Advanced layout of a fiber Bragg grating strain gauge rosette

• Published in: Journal of lightwave technology Vol. 24; no. 2; pp. 1019 - 1026
• Main Authors: Betz, D.C., Thursby, G., Culshaw, B., Staszewski, W.J.
• Format: Journal Article
• Language: English
• Published: New York, NY IEEE 01.02.2006; Institute of Electrical and Electronics Engineers; The Institute of Electrical and Electronics Engineers, Inc. (IEEE)
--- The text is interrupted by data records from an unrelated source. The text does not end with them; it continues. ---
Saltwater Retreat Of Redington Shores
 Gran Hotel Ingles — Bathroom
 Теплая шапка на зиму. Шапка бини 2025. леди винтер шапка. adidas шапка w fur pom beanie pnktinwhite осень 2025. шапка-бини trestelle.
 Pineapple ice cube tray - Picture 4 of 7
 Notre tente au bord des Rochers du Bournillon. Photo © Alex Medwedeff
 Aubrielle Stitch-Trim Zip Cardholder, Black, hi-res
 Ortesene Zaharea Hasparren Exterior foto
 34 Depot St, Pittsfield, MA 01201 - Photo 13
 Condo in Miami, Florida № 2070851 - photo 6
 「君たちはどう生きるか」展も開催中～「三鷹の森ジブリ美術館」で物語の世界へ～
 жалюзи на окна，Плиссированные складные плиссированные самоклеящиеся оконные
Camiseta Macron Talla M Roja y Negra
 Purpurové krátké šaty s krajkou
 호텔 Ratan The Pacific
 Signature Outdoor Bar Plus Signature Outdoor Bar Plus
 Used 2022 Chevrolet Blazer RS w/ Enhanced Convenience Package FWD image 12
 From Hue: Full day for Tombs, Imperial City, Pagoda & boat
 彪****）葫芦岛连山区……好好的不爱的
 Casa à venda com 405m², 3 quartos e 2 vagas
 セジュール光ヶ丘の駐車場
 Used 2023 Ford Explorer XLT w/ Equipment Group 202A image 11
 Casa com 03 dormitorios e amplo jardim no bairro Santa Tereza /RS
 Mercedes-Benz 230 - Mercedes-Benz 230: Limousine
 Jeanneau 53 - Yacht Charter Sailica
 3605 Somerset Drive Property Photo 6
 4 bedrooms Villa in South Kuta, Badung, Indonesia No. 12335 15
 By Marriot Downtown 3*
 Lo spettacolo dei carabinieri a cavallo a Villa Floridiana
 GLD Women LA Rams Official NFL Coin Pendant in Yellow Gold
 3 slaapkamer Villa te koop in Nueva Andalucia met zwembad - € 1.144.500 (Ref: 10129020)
• Subjects: Applied sciences; Backing; Bonding; Bragg gratings; Capacitive sensors; Circuit properties; Design engineering; Electric, optical and optoelectronic circuits; Electronics; Exact sciences and technology; Fiber Bragg gratings; Fiber gratings; Fibers; Finite element method; Finite element methods; Integrated optics. Optical fibers and wave guides; Joining processes; Optical and optoelectronic circuits; Reduction; Robustness; rosette; Strain; Strain gauges; strain mapping; Strain measurement; Temperature measurement; Temperature sensors; Resistance strain gauge; Integrated optics; Fiber Bragg gratings; rosette; Temperature effect; Bragg grating; Mapping; Grating in fiber; Deformation measurement; Temperature measurement; Finite element method; Thermal compensation; Optical fiber; strain mapping
• ISSN: 0733-8724; 1558-2213
• DOI: 10.1109/JLT.2005.862442

A temperature-compensated strain-sensing scheme based on fiber Bragg gratings (FBGs) that is suitable for strain mapping applications is described. FBGs are bonded to a backing patch, together with an extra grating that is used for temperature compensation/measurement. The patch provides a simpler and more robust way of attaching the FBGs to a structure than directly mounting a bare fiber, though it was necessary to design it in such a way that there was minimal reduction in the strain transferred from the structure to the sensing fibers. Finite element (FE) analysis was used to help design the patch, which was then constructed accordingly. The authors have demonstrated experimentally that the use of the backing patch produces a reduction in strain sensitivity of only around 4%, which is slightly better than theoretically predicted values. The temperature measuring FBG had to be bonded in such a way that it experienced the changes in temperature, but not the strain, to which the structure was subjected. A design for doing this was developed and proven. The use of a backing patch to develop a rosette configuration of Bragg gratings, each having a different peak reflective wavelength, is described. The rosette configuration is one that is frequently used with electrical strain gauges and allows here to determine both the magnitude and the direction of strain.